## WHAT YOU ARE ASKED TO DO
Taking only the lines of the data below from the line with "Transition towards circular" to the line with "Converting Fractions To", ends included, write them out exactly and without pictures.

## EXERCISE MATERIALS
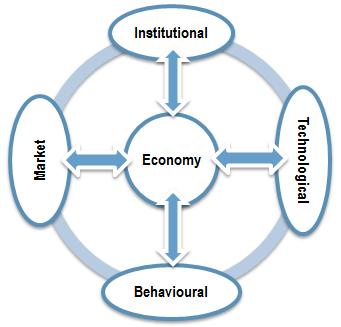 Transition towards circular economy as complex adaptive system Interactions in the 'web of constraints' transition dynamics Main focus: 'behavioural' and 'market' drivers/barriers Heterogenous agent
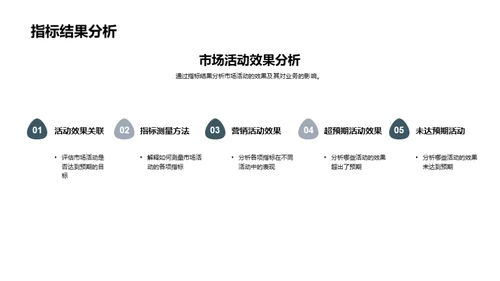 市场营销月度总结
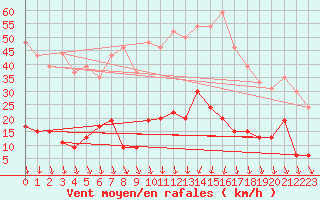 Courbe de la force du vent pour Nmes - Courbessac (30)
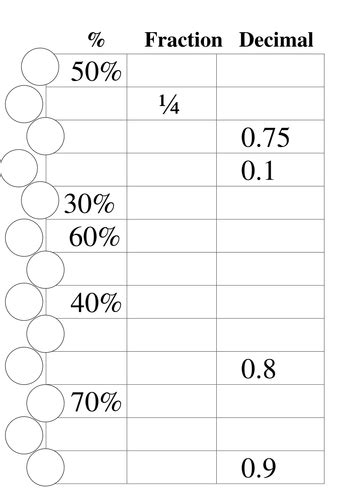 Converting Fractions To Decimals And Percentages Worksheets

==

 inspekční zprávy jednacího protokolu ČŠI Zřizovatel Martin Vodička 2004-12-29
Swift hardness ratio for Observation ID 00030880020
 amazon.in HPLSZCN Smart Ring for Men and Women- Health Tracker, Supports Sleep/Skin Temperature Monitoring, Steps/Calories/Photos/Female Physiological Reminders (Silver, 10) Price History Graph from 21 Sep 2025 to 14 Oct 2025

## EXERCISE RESULT
 Transition towards circular economy as complex adaptive system Interactions in the 'web of constraints' transition dynamics Main focus: 'behavioural' and 'market' drivers/barriers Heterogenous agent
 市场营销月度总结
 Courbe de la force du vent pour Nmes - Courbessac (30)
 Converting Fractions To Decimals And Percentages Worksheets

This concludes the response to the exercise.